Тугой узел завязала нам жизнь на полуострове. Загадочное исчезновение Юшкевича опутало все планы. Нужно было, не мешкая, продолжать поиски.
Но где искать?
Мы собрались в тесном кубрике катера у морской карты побережья. Южный берег полуострова изрезан бухтами. Где же проклятая «Бухта мертвых»? Такого названия на карте нет.
Катер пришел из Сиглана утром. Матросы выгрузили из кунгаса трех вьючных лошадей и пустили их на тучные луга. Пополнился и состав экспедиции.
Приехал мой верный Илья. Глаза его под нависшими веками, опутанные сетью морщин, светились добродушием. Жесткие черные волосы прикрывала старая кепка.
Я очень обрадовался встрече. Илья появился, как всегда, в самое трудное время.

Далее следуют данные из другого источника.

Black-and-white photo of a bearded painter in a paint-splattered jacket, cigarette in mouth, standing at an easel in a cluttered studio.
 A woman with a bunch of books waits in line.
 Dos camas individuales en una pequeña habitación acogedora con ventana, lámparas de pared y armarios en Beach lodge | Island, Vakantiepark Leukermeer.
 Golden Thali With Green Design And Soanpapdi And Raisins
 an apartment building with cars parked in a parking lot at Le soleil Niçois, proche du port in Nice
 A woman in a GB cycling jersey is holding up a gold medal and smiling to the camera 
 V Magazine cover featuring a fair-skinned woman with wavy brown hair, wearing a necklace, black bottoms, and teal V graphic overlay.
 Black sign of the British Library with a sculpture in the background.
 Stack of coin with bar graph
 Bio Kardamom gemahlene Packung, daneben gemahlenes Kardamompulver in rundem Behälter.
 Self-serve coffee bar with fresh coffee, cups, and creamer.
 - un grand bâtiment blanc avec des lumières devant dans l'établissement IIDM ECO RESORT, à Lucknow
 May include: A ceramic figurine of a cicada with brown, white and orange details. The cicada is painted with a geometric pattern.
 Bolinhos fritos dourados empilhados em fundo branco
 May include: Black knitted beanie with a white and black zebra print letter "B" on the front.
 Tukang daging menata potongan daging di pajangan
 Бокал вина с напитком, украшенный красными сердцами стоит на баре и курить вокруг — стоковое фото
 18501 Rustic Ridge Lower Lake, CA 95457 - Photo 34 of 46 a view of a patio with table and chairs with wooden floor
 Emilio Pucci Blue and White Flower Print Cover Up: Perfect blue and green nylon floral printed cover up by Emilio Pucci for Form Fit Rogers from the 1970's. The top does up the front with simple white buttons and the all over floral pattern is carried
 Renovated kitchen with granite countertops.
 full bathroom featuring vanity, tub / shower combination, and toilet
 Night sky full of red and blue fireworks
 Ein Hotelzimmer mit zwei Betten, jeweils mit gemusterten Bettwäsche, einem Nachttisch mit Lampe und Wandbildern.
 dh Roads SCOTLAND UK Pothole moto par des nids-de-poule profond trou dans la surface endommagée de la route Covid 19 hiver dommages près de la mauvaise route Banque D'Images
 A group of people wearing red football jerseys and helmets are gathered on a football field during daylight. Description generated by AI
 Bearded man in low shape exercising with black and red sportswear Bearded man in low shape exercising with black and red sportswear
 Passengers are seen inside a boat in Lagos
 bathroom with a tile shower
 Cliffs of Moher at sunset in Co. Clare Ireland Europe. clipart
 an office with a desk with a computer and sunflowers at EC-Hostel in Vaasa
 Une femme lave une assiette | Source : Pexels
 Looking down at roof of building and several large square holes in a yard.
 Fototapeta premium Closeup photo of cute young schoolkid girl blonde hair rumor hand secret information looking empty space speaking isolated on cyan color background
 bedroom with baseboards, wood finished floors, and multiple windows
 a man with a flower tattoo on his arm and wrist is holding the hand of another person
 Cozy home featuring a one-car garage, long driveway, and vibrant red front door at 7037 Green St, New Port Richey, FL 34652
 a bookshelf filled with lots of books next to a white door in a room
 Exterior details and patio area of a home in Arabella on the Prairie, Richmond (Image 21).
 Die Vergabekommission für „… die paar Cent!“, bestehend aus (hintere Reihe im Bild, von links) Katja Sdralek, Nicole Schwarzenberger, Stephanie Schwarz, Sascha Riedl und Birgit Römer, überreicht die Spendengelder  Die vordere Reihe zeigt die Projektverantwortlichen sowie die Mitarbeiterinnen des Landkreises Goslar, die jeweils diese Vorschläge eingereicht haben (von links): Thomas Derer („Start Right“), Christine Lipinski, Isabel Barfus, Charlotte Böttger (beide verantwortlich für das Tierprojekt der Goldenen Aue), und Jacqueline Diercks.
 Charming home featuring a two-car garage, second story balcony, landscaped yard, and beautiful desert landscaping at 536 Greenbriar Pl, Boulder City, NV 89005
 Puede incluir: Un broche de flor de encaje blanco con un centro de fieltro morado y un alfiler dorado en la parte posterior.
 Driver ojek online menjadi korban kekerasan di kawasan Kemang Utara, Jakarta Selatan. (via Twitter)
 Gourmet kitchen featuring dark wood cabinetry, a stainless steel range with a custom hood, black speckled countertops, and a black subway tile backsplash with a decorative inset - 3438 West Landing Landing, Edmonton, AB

Вместе с ним на берег сошел смуглый молодой человек в резиновых сапогах с отвернутыми голенищами. На ремне за спиной — четырехлинейка. В карих глазах — решительность. Это учитель Сигланской школы Михаил Петрович Сабенин.
Ему я писал в Сиглан — просил помочь Илье в найме вьючных лошадей. И вот старожил края, страстный охотник, влюбленный в тайгу, сам приехал к нам. Занятия в школе давно окончились, и учитель решил поохотиться на таинственном полуострове.
Сабенин тотчас согласился помочь экспедиции. На рассвете он уйдет с вьючным караваном в горы — перебросит продовольствие наблюдателям Высокогорной станции и поживет с ребятами в альпийском цирке.
В кубрике катера идет совещание. Всех тревожит судьба пропавшего мальчика. Намечаем план поисков, раздумываем, кто же увел его.
— Однако худой люди далеко не ходил, в бухте мертвых спрятался… — вдруг говорит Илья, вынимая изо рта трубочку, выточенную из березового корня.
Старик все время сидел на матросской конке, покуривая, внимательно слушая мой рассказ.
— В «Бухте мертвых»?! Ты знаешь, где эта бухта?
— Старый люди в Сиглапе говорила… Неповторимым красочным языком Илья рассказывает предание орочей о «Бухте мертвых».
Лет триста назад орочи, теснимые якутами, вышли на побережье Охотского моря. Здесь они встретили коряков — исконных морских зверобоев. В прежние времена бесконечных раздоров судьба коренных племен магаданского побережья решалась в кровопролитных битвах. Орочи потеснили коряков. Опустели поселки приморских зверобоев от Наяхана до Тауйской губы.
Двести лет назад орочи разгромили последние поселки коряков на южном берегу нашего полуострова. Уцелевший отряд корякских воинов укрылся от беспощадного истребления в дальней бухте, прикрытой с суши отвесными скалами.
Долго оборонялись коряки в неприступном убежище. Однажды в темную ночь орочи прокрались на лодках в бухту и задушили часовых… В ожесточенной схватке погибли остатки древних обитателей полуострова.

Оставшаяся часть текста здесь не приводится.